No, we don't need a "Modern criticism" section. that's completely the wrong way round. If modern mainstream medicine is critical of the hogwash being claimed as medicine, then that's what the article needs to say. There's a case for including belief in the curative powers of non-effective plant extracts and that sort of nonsense in the "History" section, but we're not doing our readers any favours by trying to pretend that tobacco is useful to treat any known condition. It's time to bring this article into line with our policies and guidelines. --RexxS (talk) 13:58, 22 September 2017 (UTC)
My comments were not all directed at you, RexxS, so I apologize for making it seem so by indenting following your comment and not giving more context. The "basic policy pages being thrown" was a response to Alexbrn's linking of WP:OR, which I read as patronizing. Your MEDRS points are most definitely valid and I am in no way supporting the portrayal of pseudoscience as science anywhere. (Also, "modern criticism" was not a good section title to suggest—my thought was to add scientific context of this material, which Chiswick Chap interpreted.)

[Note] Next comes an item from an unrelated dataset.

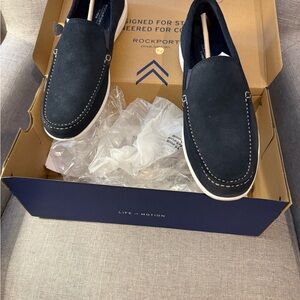 Rockport Men's Suede Navy Loafers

I agree that important points have been raised, and I do not have enough prior knowledge of or expertise in this subject to feel comfortable enough helping to resolve concerns. I disagree with the approach that Alexbrn has taken in drawing attention to this article's issues through multiple forums (perhaps unintentionally, but) in a frantic, dramatic manner instead of discussing with a recent contributor to the article their concerns relating to it. – Rhinopias (talk) 02:59, 25 September 2017 (UTC)
"Multiple forums"? You're wrong about that too. You're also wrong about it being wise to discuss issues with "a recent contributor" since this keeps the conversation away from many eyes and so does not allow proper formation of consensus. Alexbrn (talk) 03:52, 25 September 2017 (UTC)

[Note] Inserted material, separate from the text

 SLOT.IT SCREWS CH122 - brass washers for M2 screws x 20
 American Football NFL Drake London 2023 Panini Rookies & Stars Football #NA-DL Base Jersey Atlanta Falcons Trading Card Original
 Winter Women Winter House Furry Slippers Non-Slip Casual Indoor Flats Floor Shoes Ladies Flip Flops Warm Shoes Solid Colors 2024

This talk page and FT/N within two minutes of each other should count as "multiple" so I don't see how I'm wrong. Discussing the content of an article on its talk page seems like a good start to me to form a consensus about the specific article's content, but if all editors who would've disagreed with your edits to the article (and would have reverted them) were informed by you on this talk page of your concerns and agreed with you, no further consensus would be necessary?

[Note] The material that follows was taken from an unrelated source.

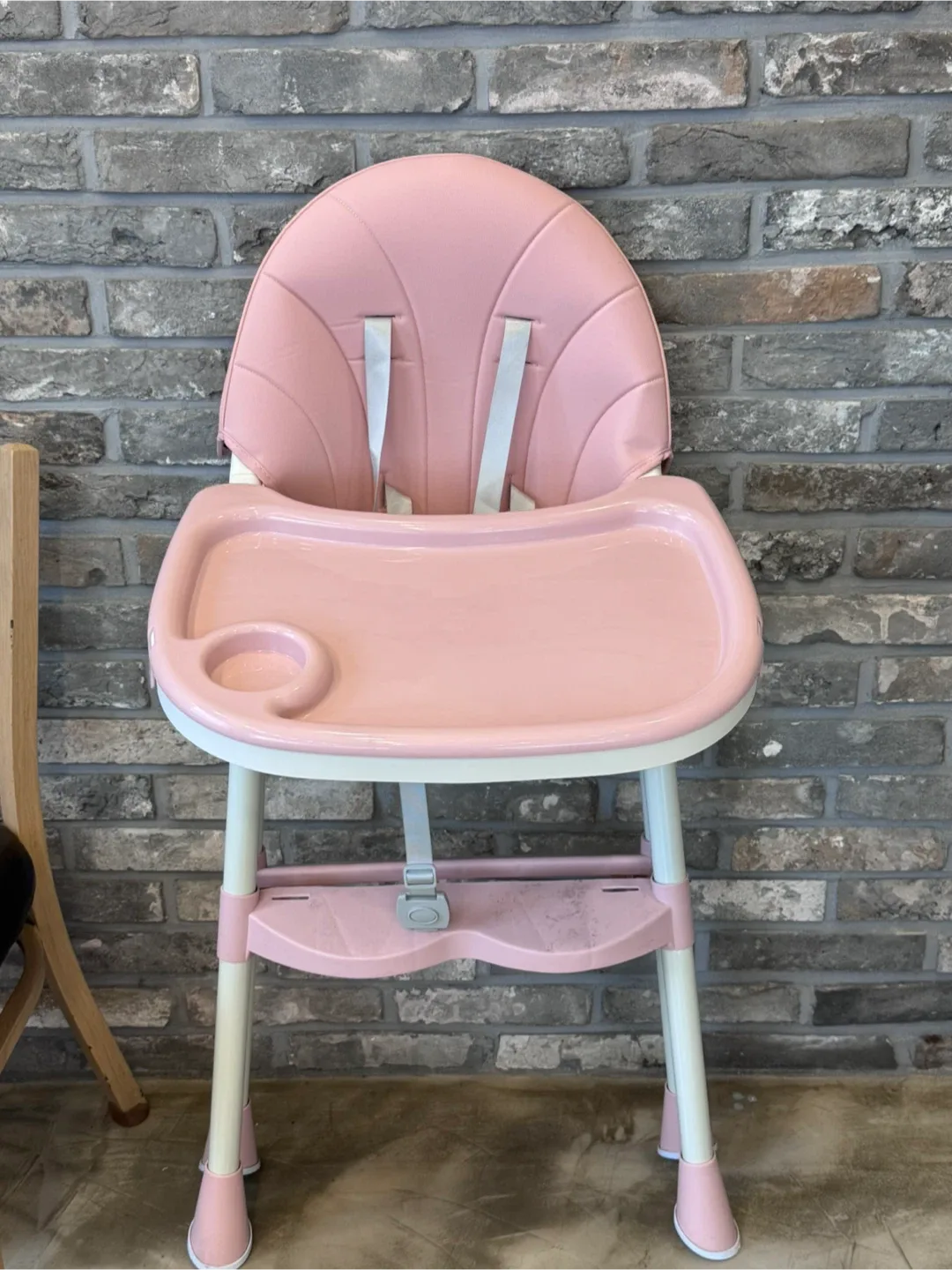 핑크 유아 식탁의자 + 트레이 세트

You approached this article—which passed GA, so obviously someone had invested some level of energy into it—in a combative manner and did not assume good faith. (By "a recent contributor" I didn't mean an IP editor who made two quick changes, but someone who spent time finding and referencing all of these articles.) Maybe "I don't agree with the validity of the sources in XYZ sections per WP:MEDRS" instead of "… a lot of original research …" or "I don't think this content is relevant because X, but some of the information may be relevant in Phytochemical if sourced properly" instead of "Suggest a radical prune - anything that's left …" wouldn't have drawn my attention to this discussion. This discussing back and forth now isn't helpful when changes have been/are being made. I think I've said what I wanted to. – Rhinopias (talk) 05:08, 25 September 2017 (UTC)
This should not have been made GA, and I am considering listing it for review. There is a core of medicine in this topic that is not adequately addressed even now, and it fails NPOV because of that. Jytdog (talk) 05:26, 25 September 2017 (UTC)
@Jytdog: What ought the article to say, then? I am absolutely non-partisan about medicine/alternative medicine, and am willing to write whatever is needed for balance. Chiswick Chap (talk) 08:30, 25 September 2017 (UTC)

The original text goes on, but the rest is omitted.